I'll be brief about the fourth and final season of The Boondocks, the Adult Swim series about ten-year-old black militant Huey Freeman, his gangsta-wanna-be kid brother, Riley, and their nonsensically yammering, ladies-loving caretaker, Granddad. There isn't much to say. It's not terrible, but it doesn't seem like itself. It's a zombie show, like the Dan Harmon–less fourth season of Community. Something's off. You can't figure out exactly what, but you can feel it.
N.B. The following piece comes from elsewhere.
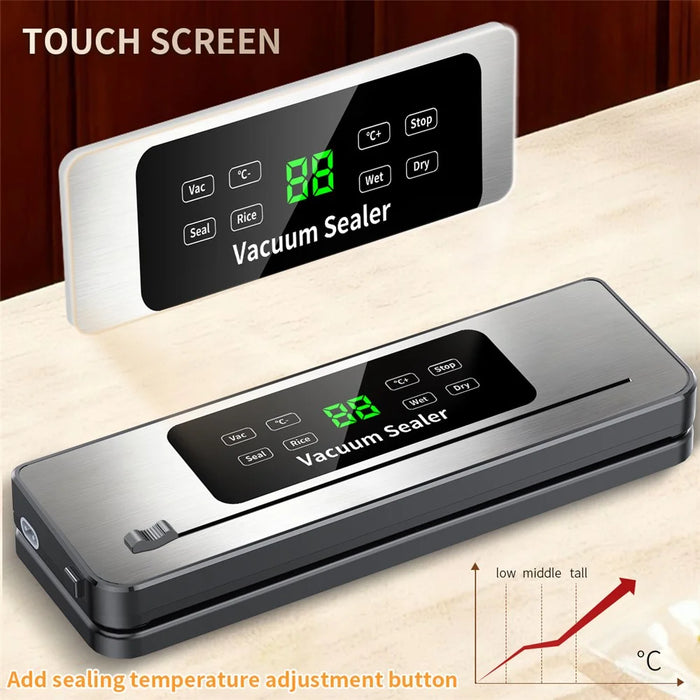 816 Vacuum Sealer with 10 Vacuum Bags Dry Wet Dual Use Food Packaging Machine for Home / Commercial - 5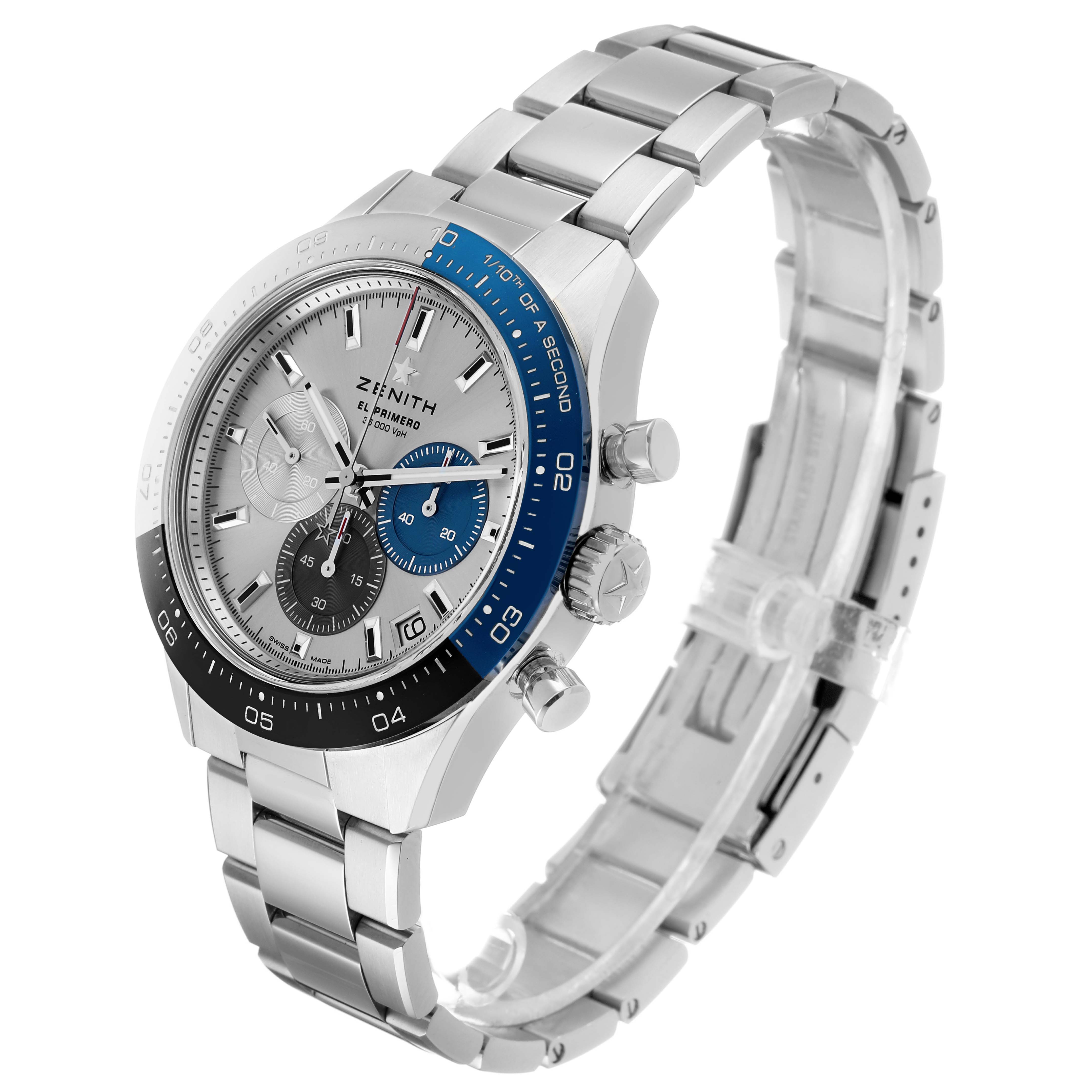 The Zenith Chronomaster 03.3103.3600/69.M3100 Men's Stainless Steel Silver Dial watch is angled to show the face, bezel, and stainless steel bracelet.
Series creator Aaron McGruder, who adapted the animated show from his own newspaper strip, isn't involved anymore. The series' long-delayed final season proceeded without him, after he and the network disagreed over a schedule for delivering new episodes (the details are fuzzy; McGruder's statement is here). Adult Swim sent out two episodes for critics, tonight's and next week's. They’re being shown out of sequence. Tonight's episode is marked as "402" and next week's is "404." The second has no writing credit. The Los Angeles Times speculates that "The absence of a writing credit indicates that the installment was likely written by McGruder." I'm not sure how the missing writing credit makes it "likely" that McGruder wrote the episode; it seems it could just as easily indicate that the episode was rewritten without his consent and he wanted his name taken off it, or that it was written by committee and nobody could agree on credit (or blame), or that there was some other behind-the-scenes craziness we don't know about. Maybe the Times has inside information it can't attribute for whatever reason?
No matter: The plot, about an abusive, drug-addled, entourage-addicted, Chris Brown–type rapper named Pretty Boy Flizzy, is more leaden and tedious than most Boondocks episodes, and considering how often the show was accused of being "unfunny" (which is often White People code for "too angry" or "too inside" — sometimes both) that's saying quite a bit. During his heyday, McGruder, like South Park's Trey Parker and Matt Stone, pissed off pretty much everybody. But he drew particular ire for his race-centric humor. He was accused of not being positive enough, of using the "n"-word too often, of airing African-American cultural dirty laundry and so forth (the late '80s Spike Lee complaints). Not every episode or every joke landed, but the show had a unique look and feel, with Korean-animated, anime-inspired, often strikingly composed shots. And the somewhat slippery rage animating every episode made it muddled but intriguing, and tough to pin down. The Boondocks and its creator slagged Bill Cosby, BET, Whitney Houston, and Larry Elder (who sarcastically named an award for him, the McGruder). McGruder pissed off Republicans by visiting Fidel Castro and calling former National Security Advisor Condoleezza Rice a mass murderer, and Democrats for insinuating that Barack Obama wasn't really black.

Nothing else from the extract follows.